ECLI:NL:RVS:2022:1656
Raad van State
- Voorlopige voorziening
- N. Verheij
- Rechtspraak.nl
Afwijzing verzoek om voorlopige voorziening in asielzaak na eerdere afwijzing verblijfsvergunning
Op 10 juni 2022 heeft de voorzieningenrechter van de Afdeling bestuursrechtspraak van de Raad van State uitspraak gedaan op een verzoek om het treffen van een voorlopige voorziening in een asielzaak. De vreemdeling had eerder, op 28 maart 2022, een aanvraag ingediend voor een verblijfsvergunning asiel voor bepaalde tijd, welke door de staatssecretaris van Justitie en Veiligheid was afgewezen. Hiertegen had de vreemdeling beroep aangetekend bij de rechtbank, die op 20 mei 2022 het beroep ongegrond verklaarde. De vreemdeling ging in hoger beroep en verzocht de voorzieningenrechter om een voorlopige voorziening te treffen.

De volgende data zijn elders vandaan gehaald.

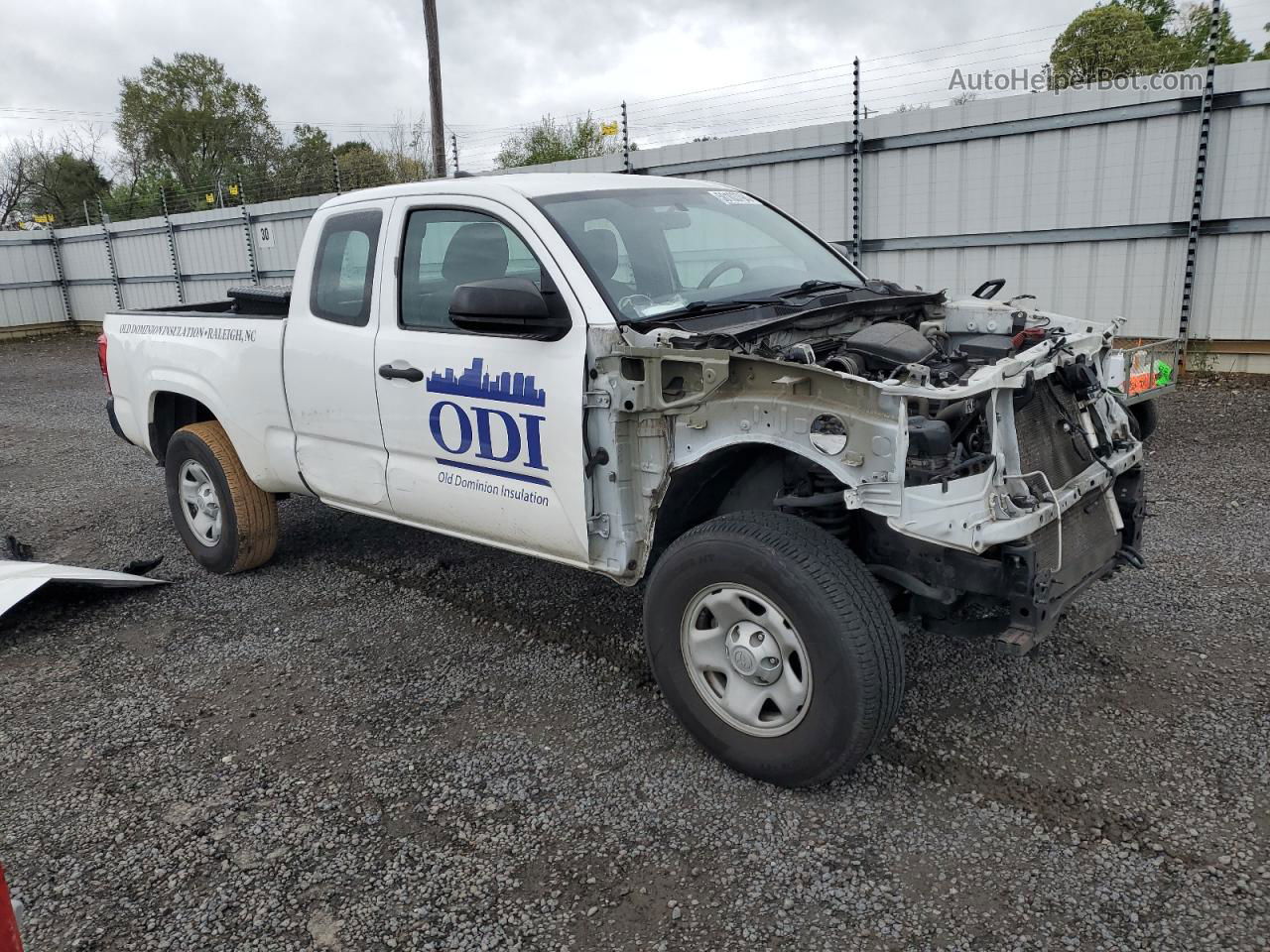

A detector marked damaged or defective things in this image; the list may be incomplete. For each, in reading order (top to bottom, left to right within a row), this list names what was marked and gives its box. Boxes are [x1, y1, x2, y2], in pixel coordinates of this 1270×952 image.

damaged white pickup truck [104, 175, 1143, 785]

De voorzieningenrechter heeft in zijn overwegingen aangegeven dat er inmiddels op het hoger beroep van de vreemdeling was beslist, waardoor er geen noodzaak meer was om een voorlopige voorziening te treffen. Het verzoek van de vreemdeling werd dan ook afgewezen. Tevens werd bepaald dat de staatssecretaris geen proceskosten hoefde te vergoeden. De uitspraak werd openbaar uitgesproken op dezelfde datum, 10 juni 2022, en is vastgesteld door mr. N. Verheij, de voorzieningenrechter, in aanwezigheid van mr. N. Tibold, de griffier.